In order to obtain sufficient time dimension information and reduce the cost of processing irrelevant historical information, this paper proposes the overall framework of the multi-component spatial-temporal graph convolution (MCSGCN) network. Which is used to describe the recent characteristics, daily cycle characteristics and weekly cycle characteristics of the predicted target (GCN: spatial dimensional graph convolution; Conv: temporal dimensional convolution; FC: fully connected). For example, to predict the traffic volume of a certain highway section at 10:00, the traffic data within 1 hour before 10:00 (9:00–10:00), the traffic data corresponding to 1 day ago and 1 week ago at 10:00 will provide useful information for the prediction problem.
Suppose that the sampling frequency is q times a day, that is, q data points are included in the time series every day.
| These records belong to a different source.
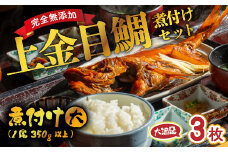 海産屋の「上金目鯛の煮付けセット」 上金目 金目鯛 きんめ 煮付け 煮つけ 350ｇ 以上 冷凍 西伊豆 伊豆 ギフト お歳暮 お中元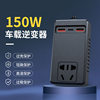 Car 12/24V to 220V power converter car high-power socket charger car inverter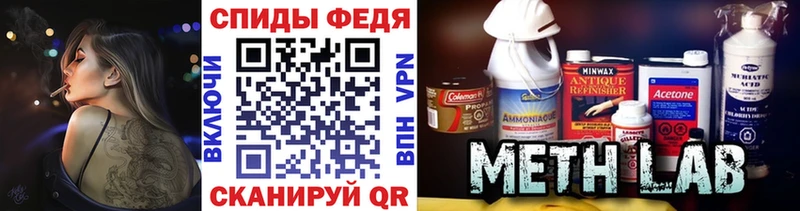 Метамфетамин Декстрометамфетамин 99.9%  как найти закладки  Кулебаки 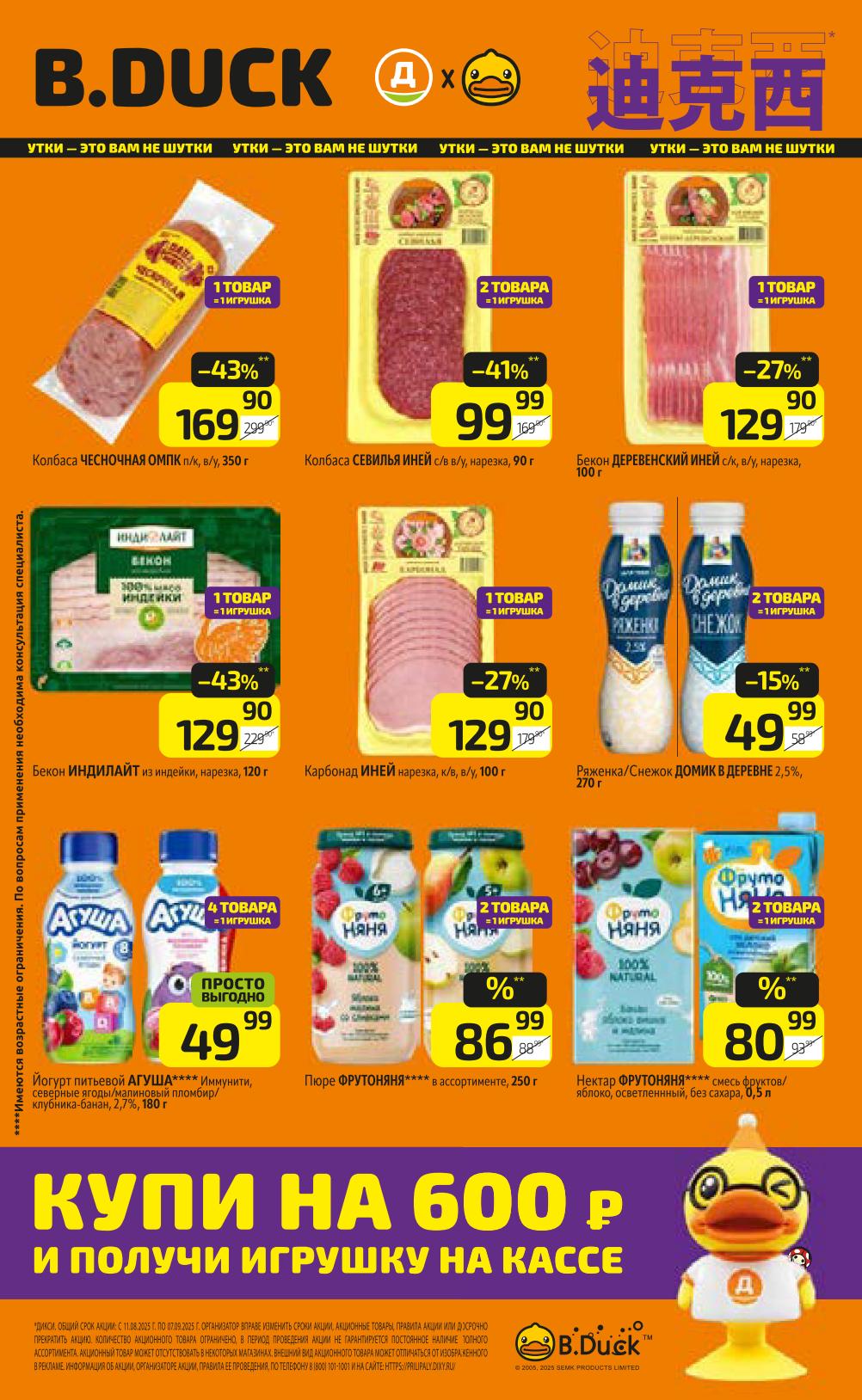 B,DUCK купи на 600 рублей и получи игрушку на кассе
It is supposed that the current moment is t0, the length of the time window to be predicted is Tp, and three time series fragments of length Th, Td, Tw are intercepted along the time axis as the input of the three components of the model's recent, daily cycles and weekly cycles, as shown in Fig. 2 (suppose the prediction period length Tp is 1 hour, Th, Td and Tw are all 2 times of Tp), where Th, Td and Tw are all integer multiples of Tp, and the three time series fragments are as follows:
(1) Recent clips
\({\chi _h}=({X_{{t_0} - {T_h}+1}},{X_{{t_0} - {T_h}+2}},...,{X_{{t_0}}}) \in {{\mathbb{R}}^{F \times N \times {T_h}}}\) , that is, a historical time series segment directly adjacent to the forecast period, as shown in the green part in Fig. 2.
(2) Daily cycle fragment
$${\chi _d}=({X_{{t_0} - ({T_d}/{T_p}) \times q+1}},...,{X_{{t_0} - ({T_d}/{T_p}) \times q+{T_p}}},{X_{{t_0} - ({T_d}/{T_p} - 1) \times q+1}},...,{X_{{t_0} - ({T_d}/{T_p} - 1) \times q+{T_p}}},...,{X_{{t_0} - q+1}},...,{X_{{t_0} - q+{T_p}}}) \in {{\mathbb{R}}^{F \times N \times {T_d}}}$$
7
It is composed of sequence fragments that are the same as the prediction target period several days before the prediction period, as shown in the red part in Fig. 2. Due to the influence of morning and evening peak cycles, people's daily routines and other factors, traffic data has a strong similarity at the same time of the day. The purpose of the daily cycle component is to model the cycle pattern of traffic data in days.
(3) Weekly cycles fragment
\({\chi _w}=({X_{{t_0} - 7 \times ({T_w}/{T_p}) \times q+1}},...,{X_{{t_0} - 7 \times ({T_w}/{T_p}) \times q+{T_p}}},{X_{{t_0} - 7 \times ({T_w}/{T_p} - 1) \times q+1}},...,{X_{{t_0} - 7 \times ({T_w}/{T_p} - 1) \times q+{T_p}}},...,{X_{{t_0} - 7 \times q+1}},...,{X_{{t_0} - 7 \times q+{T_p}}}) \in {{\mathbb{R}}^{F \times N \times {T_w}}}\)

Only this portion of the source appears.